On 10 November 2012 00:38, Dag Sverre Seljebotn
<d.s.seljebotn at astro.uio.no>wrote:
> On 11/09/2012 11:57 PM, Matthieu Brucher wrote:
> > Hi,
> >
> > A.A slower than A.A' is not a surprise for me. The latter is far more
> > cache friendly that the former. Everything follows cache lines, so it is
> > faster than something that will use one element from each cache line. In
> > fact it is exactly what "proves" that the new version is correct.

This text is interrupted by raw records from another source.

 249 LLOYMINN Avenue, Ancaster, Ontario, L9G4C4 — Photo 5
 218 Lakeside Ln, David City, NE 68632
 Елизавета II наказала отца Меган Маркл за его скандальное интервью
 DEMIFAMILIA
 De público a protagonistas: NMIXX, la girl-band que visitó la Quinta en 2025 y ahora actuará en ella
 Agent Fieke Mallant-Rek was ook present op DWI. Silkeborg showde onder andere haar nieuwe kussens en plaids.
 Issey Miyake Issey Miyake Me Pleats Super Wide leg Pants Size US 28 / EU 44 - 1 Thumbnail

> > Good job (if all the tests were made and still pass ;) )
>
> Cache lines shouldn't matter much with a decent BLAS?
>
> http://dl.acm.org/citation.cfm?id=1356053
>
> (Googling for "Anatomy of High-Performance Matrix Multiplication" will
> give you a preprint outside of paywall, but Google appears to not want
> to give me the URL of a too long search result so I can't paste it).
>
> Dag Sverre
>
> >
> > Cheers,
> >
> > Matthieu
> >
> >
> > 2012/11/9 Nicolas SCHEFFER <scheffer.nicolas at gmail.com
> > <mailto:scheffer.nicolas at gmail.com>>
> >
> > Ok: comparing apples to apples. I'm clueless on my observations and
> > would need input from you guys.
> >
> > Using ATLAS 3.10, numpy with and without my changes, I'm getting
> these
> > timings and comparisons.
> >
> > #
> > #I. Generate matrices using regular dot:
> > #
> > big = np.array(np.random.randn(2000, 2000), 'f');
> > np.savez('out', big=big, none=big.dot(big), both=big.T.dot(big.T),
> > left=big.T.dot(big), right=big.dot(big.T))"
> >
> > #
> > #II. Timings with regular dot
> > #
> > In [3]: %timeit np.dot(big, big)
> > 10 loops, best of 3: 138 ms per loop
> >
> > In [4]: %timeit np.dot(big, big.T)
> > 10 loops, best of 3: 166 ms per loop
> >
> > In [5]: %timeit np.dot(big.T, big.T)
> > 10 loops, best of 3: 193 ms per loop
> >
> > In [6]: %timeit np.dot(big.T, big)
> > 10 loops, best of 3: 165 ms per loop
> >
> > #
> > #III. I load these arrays and time again with the "fast" dot
> > #
> > In [21]: %timeit np.dot(big, big)
> > 10 loops, best of 3: 138 ms per loop
> >
> > In [22]: %timeit np.dot(big.T, big)
> > 10 loops, best of 3: 104 ms per loop
> >
> > In [23]: %timeit np.dot(big.T, big.T)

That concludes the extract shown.